Problem description
Quote exactly and only this range of lines in the data below: the line that holds "Minggulan Pu'er Tea" to the line that holds "Signature Font Calligraphy", both included.

Source data
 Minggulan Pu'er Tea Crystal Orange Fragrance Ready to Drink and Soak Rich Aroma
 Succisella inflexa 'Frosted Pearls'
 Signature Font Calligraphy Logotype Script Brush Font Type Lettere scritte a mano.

...

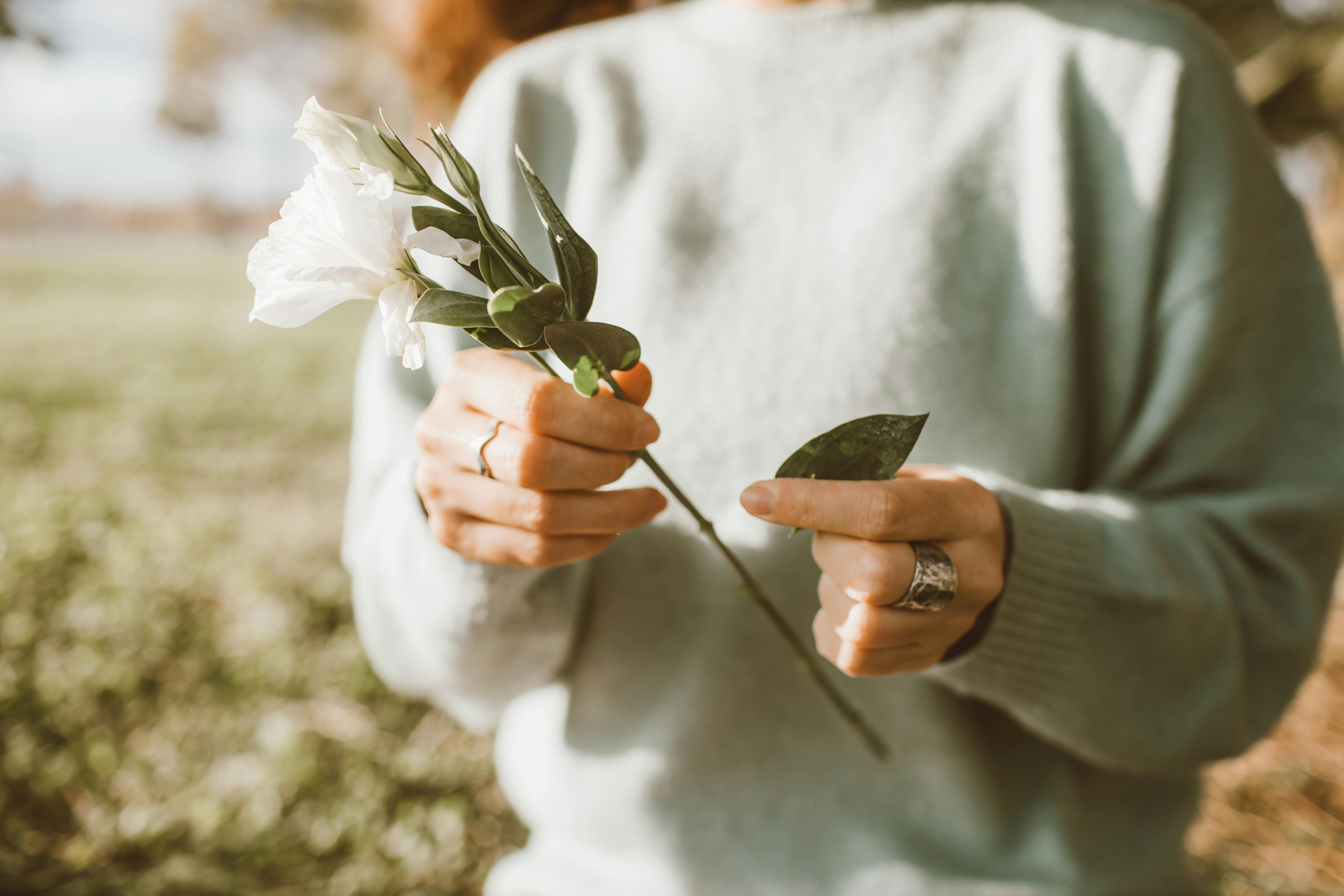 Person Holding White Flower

---

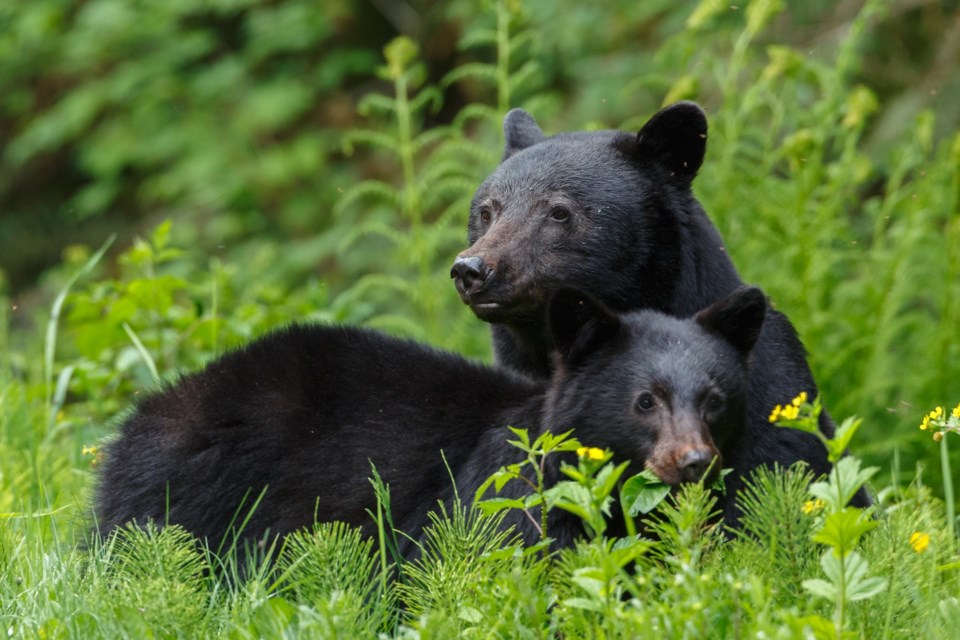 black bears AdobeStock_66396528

Solved problem
 Minggulan Pu'er Tea Crystal Orange Fragrance Ready to Drink and Soak Rich Aroma
 Succisella inflexa 'Frosted Pearls'
 Signature Font Calligraphy Logotype Script Brush Font Type Lettere scritte a mano.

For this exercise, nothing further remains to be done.